While Rupert writes Today's Task with students in mind, he also has an e-mail list of more than 100 people who receive it.

The initial e-mail list included mostly teachers, but his message is forwarded to people in "all walks of life," he said, including former students who receive the e-mails at college.

He knows the vice president of marketing for a Major League Baseball team receives the e-mails, as does an award-winning teacher in Los Angeles.

"It's become very fascinating to hear from people I've never met," said Rupert, 55, who grew up in Pittsburgh. He has taught at Smithsburg High for seven years.

An educator for 32 years, Rupert reads books by top coaches, business people and religious leaders as a way to stimulate his own thinking. As he reads, he said he looks for ways to apply the knowledge to his life and to motivate his students.

Other inspiration for the daily message might come from his students, parents or something he heard in the news. Rupert doesn't write Today's Task in the summer, but he's heard from some recipients who save their favorite messages and reread them during the summer while he's on hiatus.

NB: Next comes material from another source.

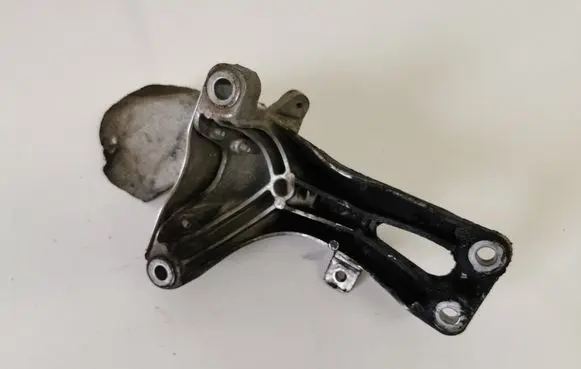Audi A6 C7 Engine mounting bracket 4G0199308E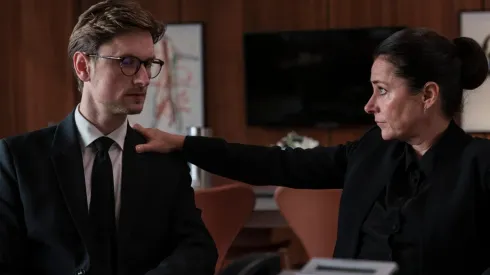 Sidse Babett Knudsen junto a Mikkel Følsgaard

The e-mails have evolved into a format that begins with a topic that strikes Rupert, a middle paragraph of how he responded and a tag line at the end. He said they were never intended to state a position of right or wrong but to allow the reader the freedom to determine his or her own response.

Many of the 125 to 150 students he teaches in band/jazz ensemble, music theory and guitar find motivation in the messages, said Michelle Anderson, a senior who has played alto saxophone in the band for four years.

"They're life lessons," Michelle said.

She added that sometimes Today's Task is uncomfortable to read because is hits too close to home. When Rupert writes about a student, he never uses names, but students often recognize themselves in the text, whether or not they are the subject.

"It's about all of us. It puts the onus on our own behavior," Rupert said.

Those wishing to receive Today's Task via e-mail may contact Rupert at rupergar@wcboe.k12.md.us.

Today's Task - February 3, 2009



She can play all the correct notes on her instrument, but one can't help but notice that her performance lacks the energy it requires to bring the music to life. Her explanation is that she is not very passionate about playing and she really doesn't learn anything in band. She is only in band because her Mom wants her to be.

It intrigues me that young people think that passion comes from some external stimuli. It is like they believe you can go to the store and buy a passionate flute, or that I can purchase passionate music. I suggested to her that it is not likely that the passion fairy is going to visit her some night and sprinkle her with dust so that she will become more passionate. Instruments are not passionate ... performers are. Songs are notes on a page and do not become music until performers play them. Passion comes from within and not from something external. People are passionate ... things are not.